Following the one-sided results in the New York presidential primaries, the principal remaining drama is whether Donald Trump will get to the 1,237 delegates that he needs to ensure nomination on the first ballot and what will happen if he doesn’t. At the moment, the online prediction markets are divided but slightly tilted in Mr. Trump’s favor. Below are a few charts that illustrate this. For the Morning Joe clip, click here.














On the most immediate open question of whether Trump will get the 1,237 needed delegates, the betting markets believe (narrowly) that he won’t. There is a 66% probability that he will fall short and a 55% probability that he will end up somewhere between 1,150 and 1,236 delegates. That leaves a 34% probability that he will get above 1,237 delegates. This corresponds to the view of many political analysts — Trump needs to win 57% of the remaining delegates to get to 1,237.

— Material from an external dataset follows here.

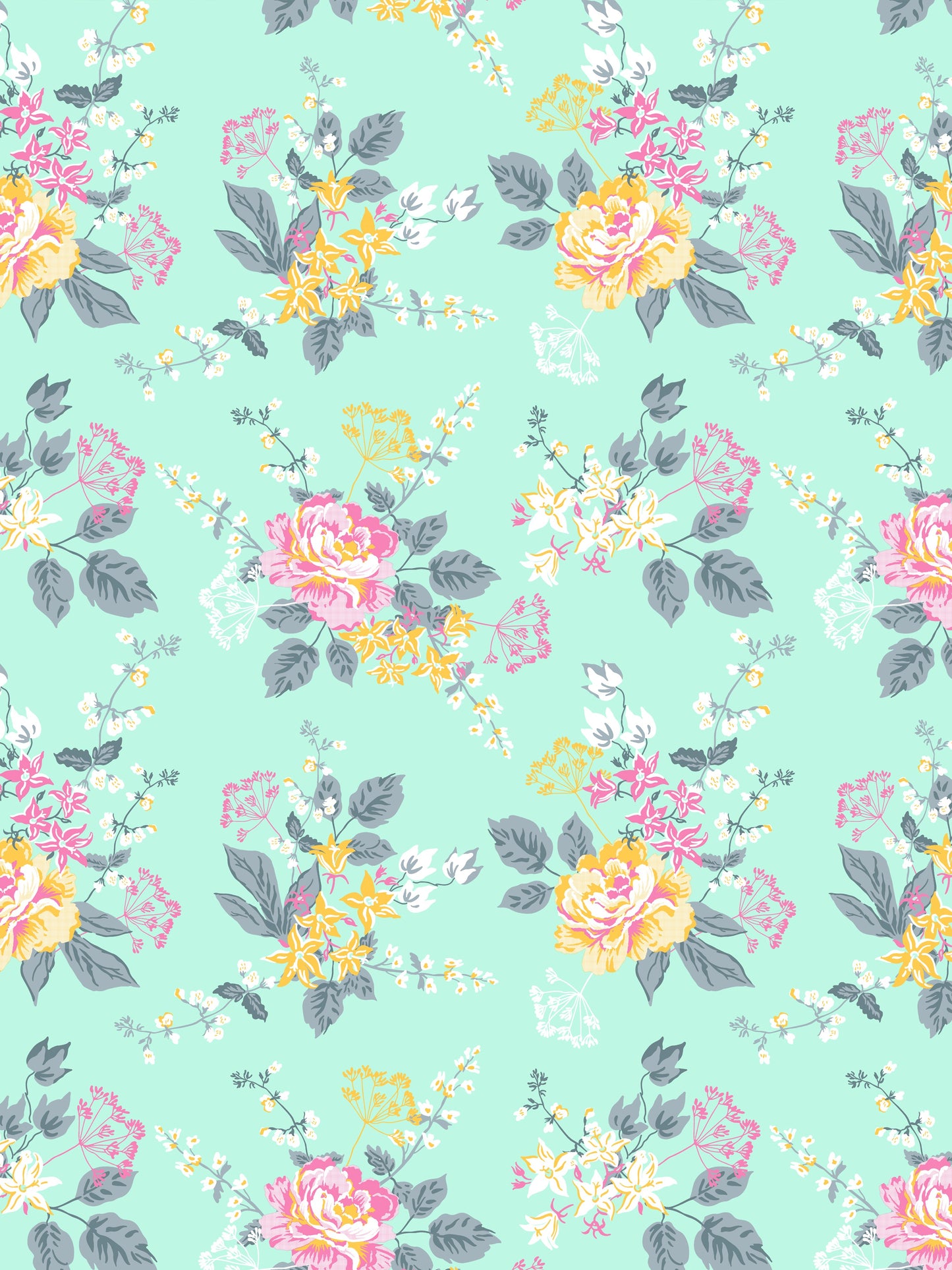Home Ecstasy 100% Cotton Floral Bedsheet Set | 140 TC | Seagreen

Even though the market doesn’t think Trump will get to 1,237 committed delegates, it still — by another narrow margin –- believes he will be nominated on the first ballot. This is a substantially higher percentage than the odds before the New York primary. Why does the market think he won’t get to 1,237 committed delegates before the primaries end with California on June 7 but it still believes he will avoid a brokered convention? Presumably because the market believes he will somehow get enough converts between June 7 and July 18 (the day of the convention) to avoid a second ballot.














Putting the two charts together, Trump’s odds of winning the Republican nomination are now at 68%. That is well above the level he fell to after the Wisconsin primary, although still below the 83% level he reached in early March.